"Mi
amistad con Oscar Vásquez comienza en 1966 en
el Taller de Arte Experimental. El Taller lo había
organizado Víctor Valera. Nos conocimos peleando,
tuvimos varios encontronazos. Luego de estas pequeñas
diferencias nos unió una larga amistad. De los
participantes del Taller, Oscar, Santiago Pol y yo comenzamos
a entrenarnos en diseño. En el taller trabajaba
Jaime Valencia, un señor muy habilidoso, un publicista
que nos enseñó trucos de imprenta.
Paralelamente yo entré a trabajar
en el Bloque de Armas diagramando la revista Bohemia,
mejor dicho "tirando la parada". En el día
yo hacía que trabaja e iba calculando los textos,
en la noche Oscar me ayudaba a componer las páginas.
Se podría decir que me daba clases de diagramación
y en un acto muy noble, para que no perdiera mi trabajo,
hacíamos la revista. Teníamos como referencia
la revista alemana Twen. Recuerdo una vez que me encargaron
unos mapas de la Guerra de Vietnam.
Yo le conseguí a Oscar la oportunidad
para que trabajara en la revista Momento. Luego de probar,
determinó que no le interesaba la publicidad
ni las revistas comerciales. Fue cuando decidió
dedicarse al diseño institucional y al diseño
editorial cultural.
Estando en el Taller Experimental nosotros
tomamos la embajada de Brasil protestando contra la
Bienal de Sao Paulo.
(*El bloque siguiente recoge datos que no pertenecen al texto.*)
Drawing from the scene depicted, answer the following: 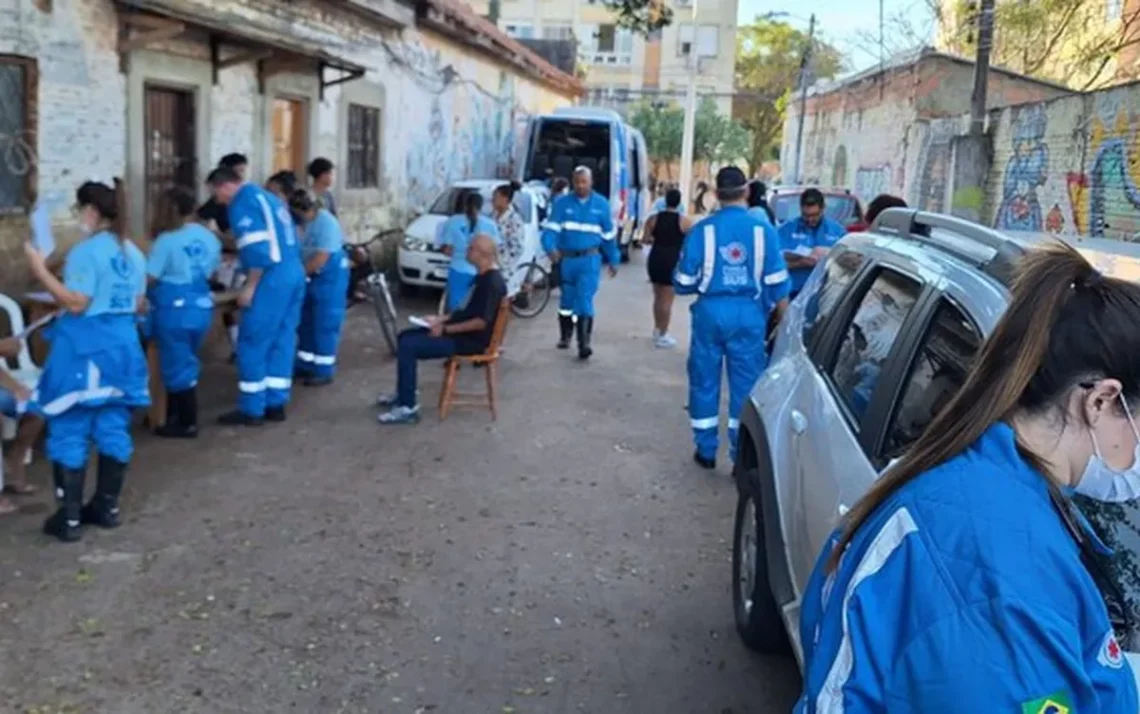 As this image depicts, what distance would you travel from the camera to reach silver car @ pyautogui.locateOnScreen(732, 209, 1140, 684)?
9.77ft

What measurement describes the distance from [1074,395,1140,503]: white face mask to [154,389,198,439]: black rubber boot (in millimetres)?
6820

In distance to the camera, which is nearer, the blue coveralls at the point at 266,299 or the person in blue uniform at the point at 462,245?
the blue coveralls at the point at 266,299

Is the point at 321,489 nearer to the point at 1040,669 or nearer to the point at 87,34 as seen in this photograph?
the point at 87,34

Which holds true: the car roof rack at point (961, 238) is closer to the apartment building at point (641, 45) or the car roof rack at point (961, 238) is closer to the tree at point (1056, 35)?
the tree at point (1056, 35)

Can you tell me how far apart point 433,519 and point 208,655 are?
1968 millimetres

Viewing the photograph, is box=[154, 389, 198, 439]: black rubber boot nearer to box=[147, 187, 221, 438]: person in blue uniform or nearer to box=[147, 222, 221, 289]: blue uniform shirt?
box=[147, 187, 221, 438]: person in blue uniform

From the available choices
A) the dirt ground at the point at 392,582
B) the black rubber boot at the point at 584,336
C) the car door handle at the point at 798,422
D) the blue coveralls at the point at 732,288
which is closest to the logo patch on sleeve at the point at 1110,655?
the car door handle at the point at 798,422

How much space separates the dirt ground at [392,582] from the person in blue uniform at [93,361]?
334mm

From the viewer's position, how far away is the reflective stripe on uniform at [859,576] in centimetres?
154

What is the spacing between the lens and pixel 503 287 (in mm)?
8547

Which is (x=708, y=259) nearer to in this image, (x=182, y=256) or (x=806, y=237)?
(x=806, y=237)

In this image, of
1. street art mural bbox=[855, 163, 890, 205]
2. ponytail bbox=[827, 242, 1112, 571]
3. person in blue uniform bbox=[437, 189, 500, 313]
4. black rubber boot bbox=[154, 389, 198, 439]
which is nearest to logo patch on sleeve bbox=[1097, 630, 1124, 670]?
ponytail bbox=[827, 242, 1112, 571]

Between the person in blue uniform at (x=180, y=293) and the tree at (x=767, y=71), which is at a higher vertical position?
the tree at (x=767, y=71)

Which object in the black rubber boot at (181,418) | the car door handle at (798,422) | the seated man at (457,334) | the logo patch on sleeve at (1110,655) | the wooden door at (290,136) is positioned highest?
A: the wooden door at (290,136) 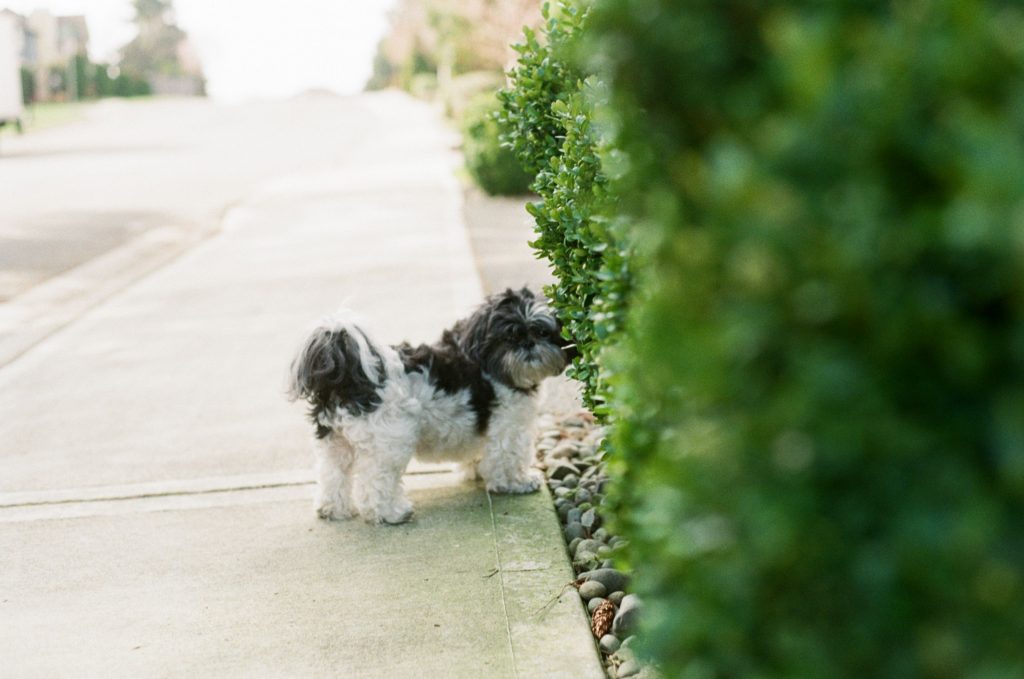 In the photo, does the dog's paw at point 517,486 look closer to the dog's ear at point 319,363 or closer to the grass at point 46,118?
the dog's ear at point 319,363

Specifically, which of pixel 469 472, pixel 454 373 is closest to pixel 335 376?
pixel 454 373

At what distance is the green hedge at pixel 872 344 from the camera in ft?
4.67

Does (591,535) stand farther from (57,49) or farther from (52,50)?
(57,49)

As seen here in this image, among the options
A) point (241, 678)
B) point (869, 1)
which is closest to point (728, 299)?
point (869, 1)

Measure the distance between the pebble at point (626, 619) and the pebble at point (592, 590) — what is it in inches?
10.3

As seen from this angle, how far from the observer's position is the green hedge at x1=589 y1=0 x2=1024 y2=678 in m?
1.42

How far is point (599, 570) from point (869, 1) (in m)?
3.02

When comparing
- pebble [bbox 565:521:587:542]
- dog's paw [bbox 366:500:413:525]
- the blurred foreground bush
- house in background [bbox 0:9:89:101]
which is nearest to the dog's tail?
dog's paw [bbox 366:500:413:525]

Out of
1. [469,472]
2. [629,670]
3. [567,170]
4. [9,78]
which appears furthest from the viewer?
[9,78]

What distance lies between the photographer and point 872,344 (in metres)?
1.47

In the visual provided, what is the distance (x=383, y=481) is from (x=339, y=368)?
56 cm

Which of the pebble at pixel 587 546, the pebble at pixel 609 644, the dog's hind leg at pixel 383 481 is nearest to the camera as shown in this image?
the pebble at pixel 609 644

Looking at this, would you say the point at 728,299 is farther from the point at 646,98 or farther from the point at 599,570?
the point at 599,570

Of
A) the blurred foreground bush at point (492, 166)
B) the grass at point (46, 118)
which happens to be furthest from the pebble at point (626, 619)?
the grass at point (46, 118) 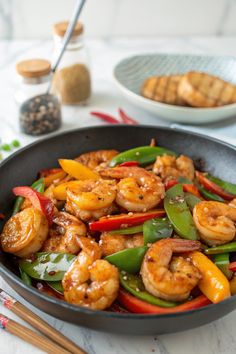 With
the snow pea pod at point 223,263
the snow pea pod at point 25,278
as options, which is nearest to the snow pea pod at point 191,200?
the snow pea pod at point 223,263

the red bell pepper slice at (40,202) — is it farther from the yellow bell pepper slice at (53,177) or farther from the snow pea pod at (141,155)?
the snow pea pod at (141,155)

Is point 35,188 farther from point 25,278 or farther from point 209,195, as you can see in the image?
point 209,195

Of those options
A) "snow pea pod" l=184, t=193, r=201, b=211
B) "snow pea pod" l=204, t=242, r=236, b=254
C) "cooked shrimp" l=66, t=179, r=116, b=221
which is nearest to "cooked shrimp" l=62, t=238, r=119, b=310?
"cooked shrimp" l=66, t=179, r=116, b=221

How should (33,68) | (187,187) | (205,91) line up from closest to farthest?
(187,187), (33,68), (205,91)

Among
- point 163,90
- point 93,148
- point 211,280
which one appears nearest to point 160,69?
point 163,90

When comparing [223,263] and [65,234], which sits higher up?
[65,234]

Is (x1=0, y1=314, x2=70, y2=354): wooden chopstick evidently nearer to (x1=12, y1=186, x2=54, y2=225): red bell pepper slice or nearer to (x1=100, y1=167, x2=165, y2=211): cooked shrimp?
(x1=12, y1=186, x2=54, y2=225): red bell pepper slice

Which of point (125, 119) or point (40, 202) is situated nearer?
point (40, 202) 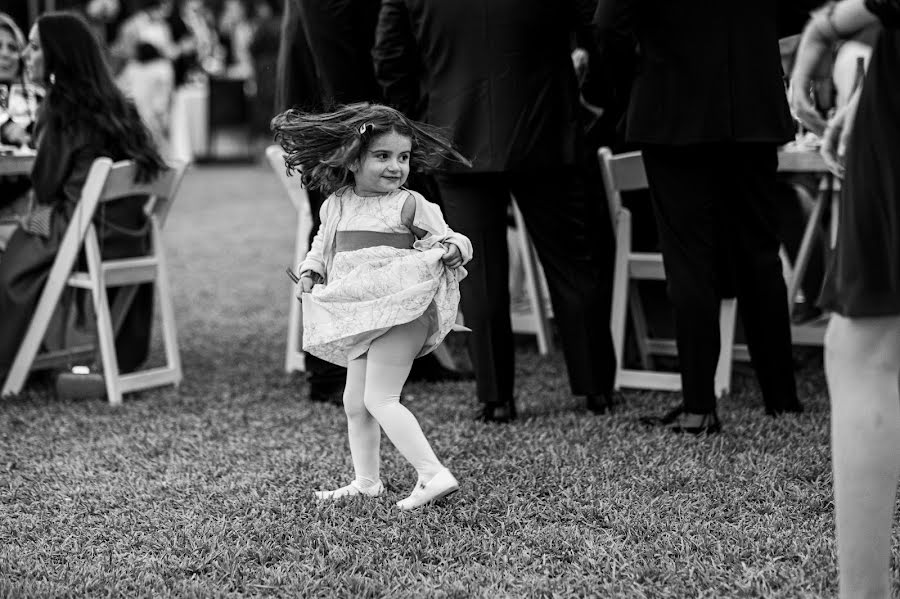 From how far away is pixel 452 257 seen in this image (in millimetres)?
3035

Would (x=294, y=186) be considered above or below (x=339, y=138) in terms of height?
below

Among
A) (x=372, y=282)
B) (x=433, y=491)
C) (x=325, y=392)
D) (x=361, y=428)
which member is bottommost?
(x=325, y=392)

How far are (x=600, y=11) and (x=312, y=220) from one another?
1.59m

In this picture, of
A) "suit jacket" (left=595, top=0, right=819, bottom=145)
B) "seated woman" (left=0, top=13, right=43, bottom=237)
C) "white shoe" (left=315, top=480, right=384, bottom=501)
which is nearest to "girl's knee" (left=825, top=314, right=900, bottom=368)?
"white shoe" (left=315, top=480, right=384, bottom=501)

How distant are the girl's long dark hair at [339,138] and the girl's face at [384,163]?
17 millimetres

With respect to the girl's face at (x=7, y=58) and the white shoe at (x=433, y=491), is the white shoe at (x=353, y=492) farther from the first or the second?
the girl's face at (x=7, y=58)

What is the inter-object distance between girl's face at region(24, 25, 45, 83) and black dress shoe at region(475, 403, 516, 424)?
2.20 m

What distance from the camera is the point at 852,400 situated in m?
2.15

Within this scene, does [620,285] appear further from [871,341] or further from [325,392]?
[871,341]

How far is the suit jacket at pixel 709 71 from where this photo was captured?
3.66 metres

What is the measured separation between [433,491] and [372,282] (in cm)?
56

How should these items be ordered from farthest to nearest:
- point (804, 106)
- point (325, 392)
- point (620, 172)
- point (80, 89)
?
point (80, 89), point (325, 392), point (620, 172), point (804, 106)

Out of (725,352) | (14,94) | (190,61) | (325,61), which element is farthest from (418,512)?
(190,61)

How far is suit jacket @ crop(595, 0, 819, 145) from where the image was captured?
366cm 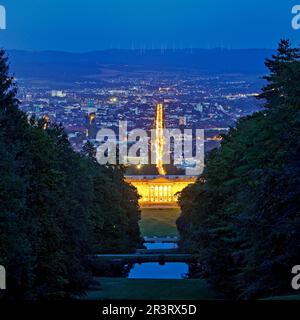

En aquella época había
una represión artística y desde Europa
se hizo un boicot mundial a la Bienal. Parte de esta
acción fue impedir la inauguración en
el Museo de Bellas Artes de la exposición Las
Joyas de Dalí. Nosotros le pusimos el candado
al museo y esa misma tarde tomamos la embajada. Esa
acción sirvió para que Venezuela retirara
la obra que iba a enviar. Eran acciones políticas
ligadas al mundo cultural.

Cartel Cristo Astronauta. Ateneo
de Caracas, 1972
Cuando tuvimos el Taller Doce, Miguel Otero Silva nos
ofreció mudarnos al Ateneo de Caracas. El compromiso
que teníamos con el Ateneo era hacer el diseño
gráfico de la programación que ellos tuvieran.
Es cuando comienza a hacer carteles de teatro, recuerdo
en especial el de una obra que dirigía Carlos
Jiménez, Cristo Astronauta.
Otro proyecto en el que trabajamos juntos fue el Paquete
erótico, en los 80 con un grupo que llamamos
Contracorriente (manifestaciones artísticas que
no tuvieran espacios expositivos), en los altos de la
Sala Ocre en Sabana Grande. Queríamos recoger
la memoria erótica en Venezuela, en toda su amplitud,
desde las manifestaciones de poetas, escritores, ensayistas,
pintores y escultores, hasta la memoria popular escrita:
los chistes eróticos, los papelitos que circulaban
por las oficinas, las pintas en los baños. Oscar
fue el encargado de hacer el empaque en el que consistía
el "paquete" erótico, donde se metieron
infinidad de hojas individuales reproducidas en multígrafo,
llegó a pesar 5 kilos de papel. También
fue el responsable del montaje de la exposición.
Santiago hizo el cartel.
Oscar era el único que veía
mis trabajos, a parte de mi esposa, antes de hacer las
exposiciones. Hacía apreciaciones muy sinceras
y críticas. Decía cosas como "eso
es un mogroño, no me enseñes eso",
también usaba la frase "ese es un carreta"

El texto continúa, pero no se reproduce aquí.